Brief descriptive captions:

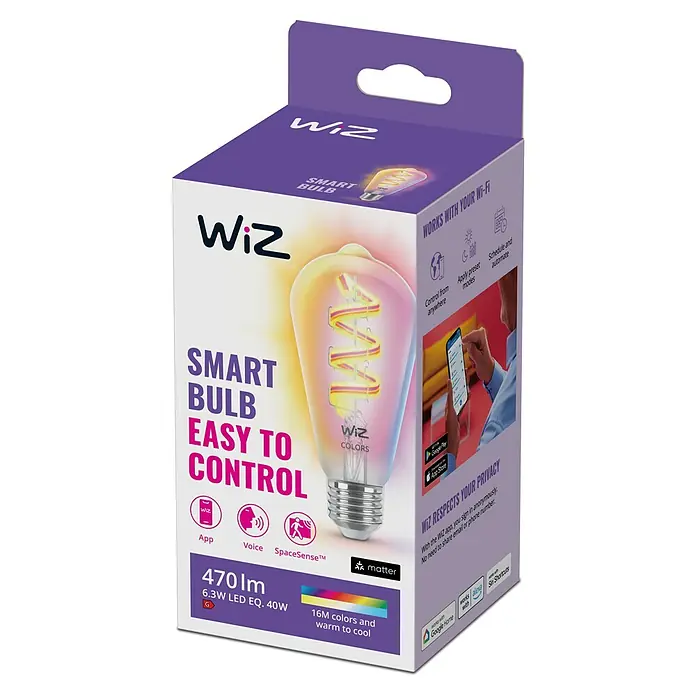 Philips Wiz Smart-LED-Lampe - E27, Dimmbar, RGBW, 470 lm, 6,3 W, 1 Stk., ST64 - Nahaufnahme der WiZ Smart Bulb Verpackung, die Funktionen wie App-Steuerung und Farbanpassung hervorhebt.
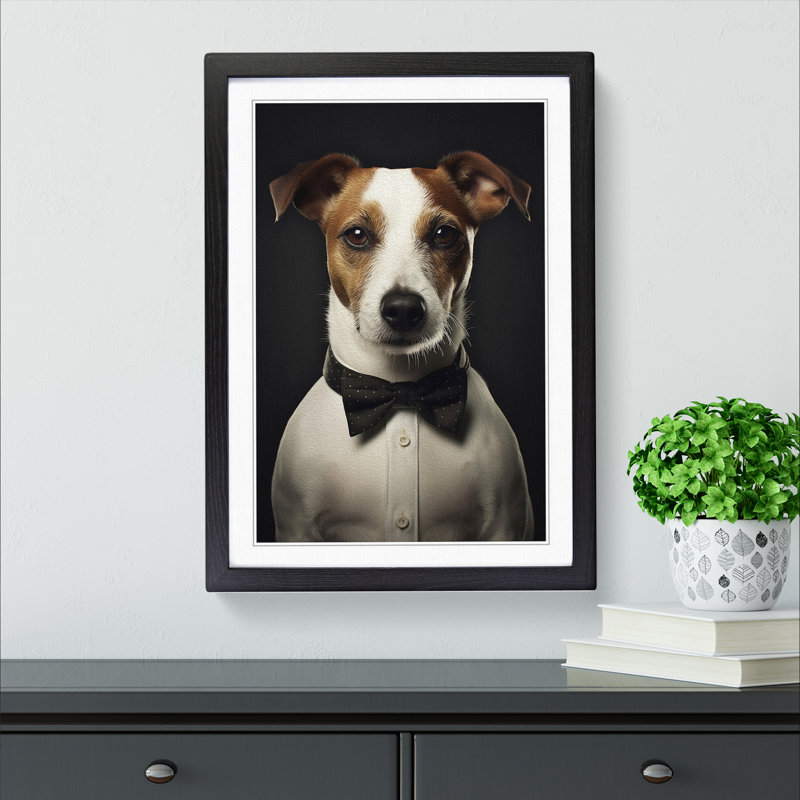 Jack Russell Minimalism No.2 - Single Picture Frame Print on Wood, Black Framed, 46cm H x 34cm W x 2cm D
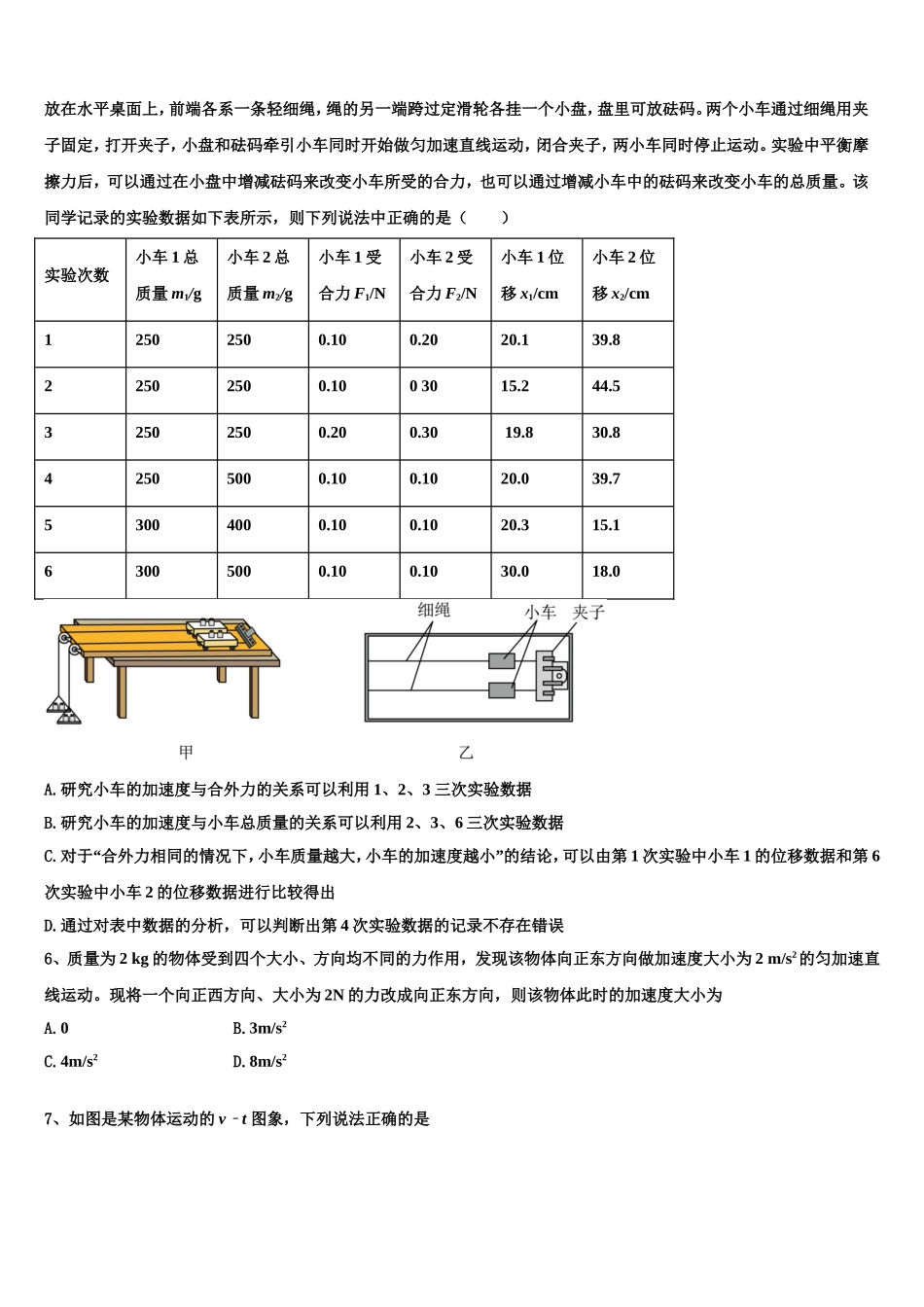 2022年安徽省巢湖第一中学高一物理第一学期期末质量检测试题含解析_第2页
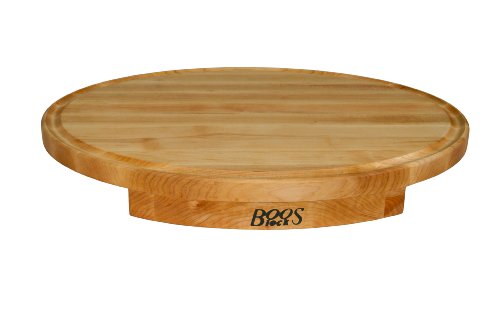 John Boos Block CCS24180125 Corner Counter Saver Maple Wood Oval Cutting Board with Juice Groove, 24 Inches x 18 Inches x 1.25 Inches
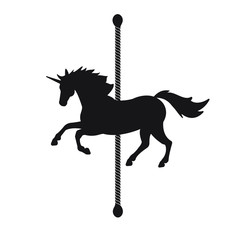 Vector flat black horse carousel silhouette icon isolated on white background  © Sweta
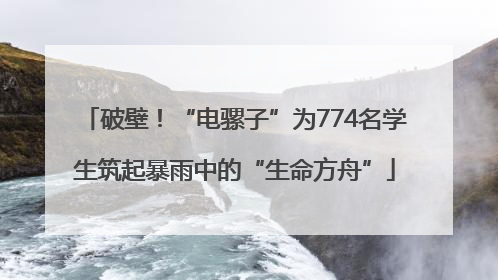 破壁！“电骡子”为774名学生筑起暴雨中的“生命方舟”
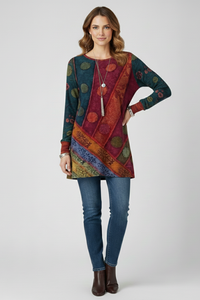 Magdalena | Damen Langarm Tunika mit Patchwork Muster – Rot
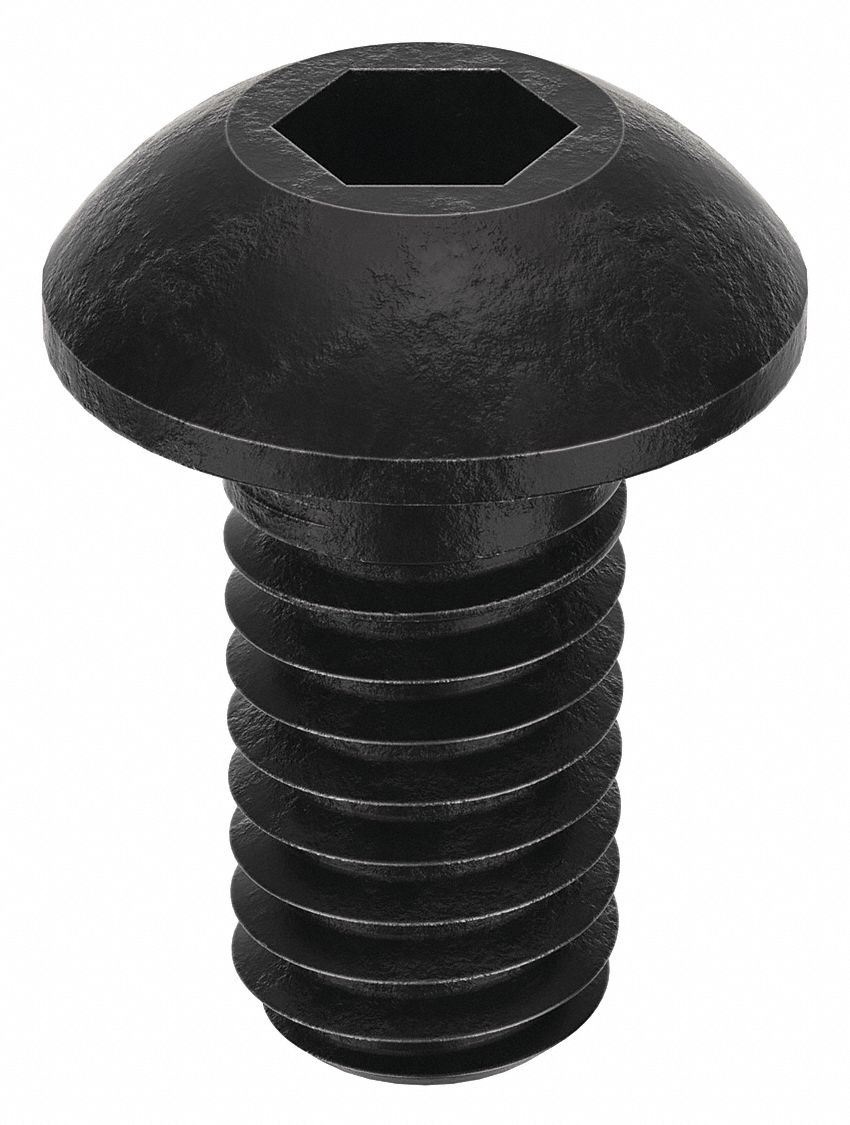 Socket Head Cap Screw: M4x0.70 Thread Size, 8 mm Lg, Button, Black Oxide, Alloy Steel, 100 PK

**Activity**
Drop the pictures and give every line above again exactly.

**Answer to the exercise**
 Philips Wiz Smart-LED-Lampe - E27, Dimmbar, RGBW, 470 lm, 6,3 W, 1 Stk., ST64 - Nahaufnahme der WiZ Smart Bulb Verpackung, die Funktionen wie App-Steuerung und Farbanpassung hervorhebt.
 Jack Russell Minimalism No.2 - Single Picture Frame Print on Wood, Black Framed, 46cm H x 34cm W x 2cm D
 2022年安徽省巢湖第一中学高一物理第一学期期末质量检测试题含解析_第2页
 John Boos Block CCS24180125 Corner Counter Saver Maple Wood Oval Cutting Board with Juice Groove, 24 Inches x 18 Inches x 1.25 Inches
 Vector flat black horse carousel silhouette icon isolated on white background  © Sweta
 破壁！“电骡子”为774名学生筑起暴雨中的“生命方舟”
 Magdalena | Damen Langarm Tunika mit Patchwork Muster – Rot
 Socket Head Cap Screw: M4x0.70 Thread Size, 8 mm Lg, Button, Black Oxide, Alloy Steel, 100 PK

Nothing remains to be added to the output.